** Listed records follows **

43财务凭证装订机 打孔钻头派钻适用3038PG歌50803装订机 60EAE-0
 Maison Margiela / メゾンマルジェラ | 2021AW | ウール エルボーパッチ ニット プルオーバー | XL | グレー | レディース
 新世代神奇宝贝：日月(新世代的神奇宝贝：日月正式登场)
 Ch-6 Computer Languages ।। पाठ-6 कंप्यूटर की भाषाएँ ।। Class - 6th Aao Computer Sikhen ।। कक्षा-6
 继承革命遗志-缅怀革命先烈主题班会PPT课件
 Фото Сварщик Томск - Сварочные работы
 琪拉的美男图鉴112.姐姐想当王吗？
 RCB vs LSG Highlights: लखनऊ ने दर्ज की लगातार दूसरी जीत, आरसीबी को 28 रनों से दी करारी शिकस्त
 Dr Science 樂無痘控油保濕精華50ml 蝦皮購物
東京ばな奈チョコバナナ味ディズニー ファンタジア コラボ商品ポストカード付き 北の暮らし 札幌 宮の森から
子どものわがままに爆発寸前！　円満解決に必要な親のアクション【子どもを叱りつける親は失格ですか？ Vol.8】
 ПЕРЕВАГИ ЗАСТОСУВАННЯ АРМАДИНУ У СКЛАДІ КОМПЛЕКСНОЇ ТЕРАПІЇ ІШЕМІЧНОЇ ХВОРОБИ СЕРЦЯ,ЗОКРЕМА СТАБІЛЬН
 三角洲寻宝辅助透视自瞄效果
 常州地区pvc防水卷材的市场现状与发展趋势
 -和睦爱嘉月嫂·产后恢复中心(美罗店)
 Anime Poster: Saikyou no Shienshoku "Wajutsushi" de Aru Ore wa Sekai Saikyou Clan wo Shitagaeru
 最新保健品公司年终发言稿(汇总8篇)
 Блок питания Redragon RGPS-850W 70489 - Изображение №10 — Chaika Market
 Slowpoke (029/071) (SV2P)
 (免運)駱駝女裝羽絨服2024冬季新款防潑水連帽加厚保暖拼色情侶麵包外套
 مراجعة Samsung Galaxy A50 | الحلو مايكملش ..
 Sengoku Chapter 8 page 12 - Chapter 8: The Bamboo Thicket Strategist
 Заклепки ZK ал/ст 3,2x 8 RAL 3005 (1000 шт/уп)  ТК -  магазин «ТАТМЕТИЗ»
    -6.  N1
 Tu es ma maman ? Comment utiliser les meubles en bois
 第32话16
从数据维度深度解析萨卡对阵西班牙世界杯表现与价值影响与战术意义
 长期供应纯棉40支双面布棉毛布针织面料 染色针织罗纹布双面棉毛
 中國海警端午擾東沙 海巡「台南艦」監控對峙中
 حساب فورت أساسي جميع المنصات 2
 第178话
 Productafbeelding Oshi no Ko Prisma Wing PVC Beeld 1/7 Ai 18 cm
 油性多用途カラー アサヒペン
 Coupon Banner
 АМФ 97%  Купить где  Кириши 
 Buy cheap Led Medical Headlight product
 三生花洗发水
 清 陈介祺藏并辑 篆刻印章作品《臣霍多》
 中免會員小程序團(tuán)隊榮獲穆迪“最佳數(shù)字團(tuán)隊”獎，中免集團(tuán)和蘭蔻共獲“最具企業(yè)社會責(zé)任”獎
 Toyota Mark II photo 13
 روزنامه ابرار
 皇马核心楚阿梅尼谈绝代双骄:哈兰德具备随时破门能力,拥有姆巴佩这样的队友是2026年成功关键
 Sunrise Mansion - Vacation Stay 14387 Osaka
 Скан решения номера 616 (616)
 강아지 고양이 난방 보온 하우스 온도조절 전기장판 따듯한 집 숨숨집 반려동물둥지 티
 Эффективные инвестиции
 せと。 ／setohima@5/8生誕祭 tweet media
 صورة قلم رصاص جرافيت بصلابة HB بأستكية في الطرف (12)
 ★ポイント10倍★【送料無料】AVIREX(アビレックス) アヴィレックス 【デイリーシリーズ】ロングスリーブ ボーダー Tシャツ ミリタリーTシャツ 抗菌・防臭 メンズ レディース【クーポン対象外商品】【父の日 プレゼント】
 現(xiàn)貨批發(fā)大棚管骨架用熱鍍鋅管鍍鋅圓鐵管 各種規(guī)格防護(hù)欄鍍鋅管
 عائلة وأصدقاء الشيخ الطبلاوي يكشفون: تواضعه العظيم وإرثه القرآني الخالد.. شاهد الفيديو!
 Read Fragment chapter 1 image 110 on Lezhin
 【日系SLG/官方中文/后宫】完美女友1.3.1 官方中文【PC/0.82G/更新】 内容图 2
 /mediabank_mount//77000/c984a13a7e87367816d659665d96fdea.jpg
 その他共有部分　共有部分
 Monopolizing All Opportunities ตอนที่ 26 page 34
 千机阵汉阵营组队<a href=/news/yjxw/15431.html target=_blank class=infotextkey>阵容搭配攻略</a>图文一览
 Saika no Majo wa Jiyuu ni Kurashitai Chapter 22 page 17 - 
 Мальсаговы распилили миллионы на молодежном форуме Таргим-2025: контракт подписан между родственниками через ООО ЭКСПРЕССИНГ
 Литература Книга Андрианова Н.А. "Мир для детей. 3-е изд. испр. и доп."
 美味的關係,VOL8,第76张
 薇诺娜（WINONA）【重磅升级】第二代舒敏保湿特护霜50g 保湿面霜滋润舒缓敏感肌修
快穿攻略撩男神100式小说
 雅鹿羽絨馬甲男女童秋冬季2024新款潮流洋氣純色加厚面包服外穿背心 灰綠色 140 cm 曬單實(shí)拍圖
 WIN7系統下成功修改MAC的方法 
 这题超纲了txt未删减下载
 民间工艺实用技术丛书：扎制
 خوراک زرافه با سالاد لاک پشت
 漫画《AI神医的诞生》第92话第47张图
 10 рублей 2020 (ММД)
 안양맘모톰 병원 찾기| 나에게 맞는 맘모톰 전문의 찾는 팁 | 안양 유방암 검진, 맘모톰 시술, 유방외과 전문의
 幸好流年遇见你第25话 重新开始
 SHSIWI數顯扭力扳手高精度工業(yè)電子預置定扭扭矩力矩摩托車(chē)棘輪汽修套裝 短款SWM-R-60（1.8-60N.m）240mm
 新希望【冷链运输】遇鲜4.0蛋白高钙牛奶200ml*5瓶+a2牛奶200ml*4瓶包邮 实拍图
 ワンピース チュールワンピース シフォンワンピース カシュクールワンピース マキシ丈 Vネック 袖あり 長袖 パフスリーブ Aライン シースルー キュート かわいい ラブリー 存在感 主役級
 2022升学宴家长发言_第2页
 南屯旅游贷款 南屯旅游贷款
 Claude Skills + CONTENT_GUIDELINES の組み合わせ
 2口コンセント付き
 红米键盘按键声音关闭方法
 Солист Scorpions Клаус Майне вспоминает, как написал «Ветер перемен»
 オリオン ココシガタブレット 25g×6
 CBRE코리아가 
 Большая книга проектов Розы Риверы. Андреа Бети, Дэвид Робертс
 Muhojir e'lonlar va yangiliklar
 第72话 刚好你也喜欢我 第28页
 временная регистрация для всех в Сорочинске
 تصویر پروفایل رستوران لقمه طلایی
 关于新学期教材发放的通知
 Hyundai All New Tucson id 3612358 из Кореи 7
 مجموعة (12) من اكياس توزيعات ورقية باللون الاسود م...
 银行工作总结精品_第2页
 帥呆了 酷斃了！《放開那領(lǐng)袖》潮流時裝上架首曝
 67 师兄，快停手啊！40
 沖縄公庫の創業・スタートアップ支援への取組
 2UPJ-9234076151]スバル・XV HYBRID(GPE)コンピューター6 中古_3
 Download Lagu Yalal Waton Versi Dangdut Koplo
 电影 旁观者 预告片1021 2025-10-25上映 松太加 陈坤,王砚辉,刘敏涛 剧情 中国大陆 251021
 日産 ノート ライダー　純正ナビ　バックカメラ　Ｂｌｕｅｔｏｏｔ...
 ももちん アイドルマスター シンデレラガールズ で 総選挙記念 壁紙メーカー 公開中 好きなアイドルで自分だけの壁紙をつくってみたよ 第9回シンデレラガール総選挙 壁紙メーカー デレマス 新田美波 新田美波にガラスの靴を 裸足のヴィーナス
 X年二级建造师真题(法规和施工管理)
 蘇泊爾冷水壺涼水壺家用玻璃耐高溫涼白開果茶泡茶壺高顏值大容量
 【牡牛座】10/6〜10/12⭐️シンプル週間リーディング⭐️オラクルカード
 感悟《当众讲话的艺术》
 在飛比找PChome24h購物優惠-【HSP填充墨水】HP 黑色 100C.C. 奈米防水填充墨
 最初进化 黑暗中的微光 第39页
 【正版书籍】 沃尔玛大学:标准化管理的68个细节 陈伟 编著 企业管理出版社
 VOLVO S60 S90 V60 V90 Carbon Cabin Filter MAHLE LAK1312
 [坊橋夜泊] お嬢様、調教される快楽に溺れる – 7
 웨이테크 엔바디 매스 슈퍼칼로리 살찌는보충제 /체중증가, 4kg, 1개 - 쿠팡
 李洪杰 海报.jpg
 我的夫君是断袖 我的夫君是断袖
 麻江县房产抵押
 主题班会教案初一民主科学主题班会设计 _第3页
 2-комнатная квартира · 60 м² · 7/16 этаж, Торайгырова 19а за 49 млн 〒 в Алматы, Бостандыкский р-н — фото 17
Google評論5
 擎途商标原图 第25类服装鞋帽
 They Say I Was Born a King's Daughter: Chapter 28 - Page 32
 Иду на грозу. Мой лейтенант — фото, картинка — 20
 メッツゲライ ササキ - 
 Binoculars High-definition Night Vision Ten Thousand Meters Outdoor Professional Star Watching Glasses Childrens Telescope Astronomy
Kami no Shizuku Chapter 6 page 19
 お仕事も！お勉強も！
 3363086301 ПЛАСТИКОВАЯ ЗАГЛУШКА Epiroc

** End of Listed records **

_What is needed_.
Once you find the line with "Литература Книга Андрианова" in the entries above, output it and each line after it up to and including the line with "خوراک زرافه با سالاد لاک پشت", and nothing else.

_Output of the task_.
 Литература Книга Андрианова Н.А. "Мир для детей. 3-е изд. испр. и доп."
 美味的關係,VOL8,第76张
 薇诺娜（WINONA）【重磅升级】第二代舒敏保湿特护霜50g 保湿面霜滋润舒缓敏感肌修
快穿攻略撩男神100式小说
 雅鹿羽絨馬甲男女童秋冬季2024新款潮流洋氣純色加厚面包服外穿背心 灰綠色 140 cm 曬單實(shí)拍圖
 WIN7系統下成功修改MAC的方法 
 这题超纲了txt未删减下载
 民间工艺实用技术丛书：扎制
 خوراک زرافه با سالاد لاک پشت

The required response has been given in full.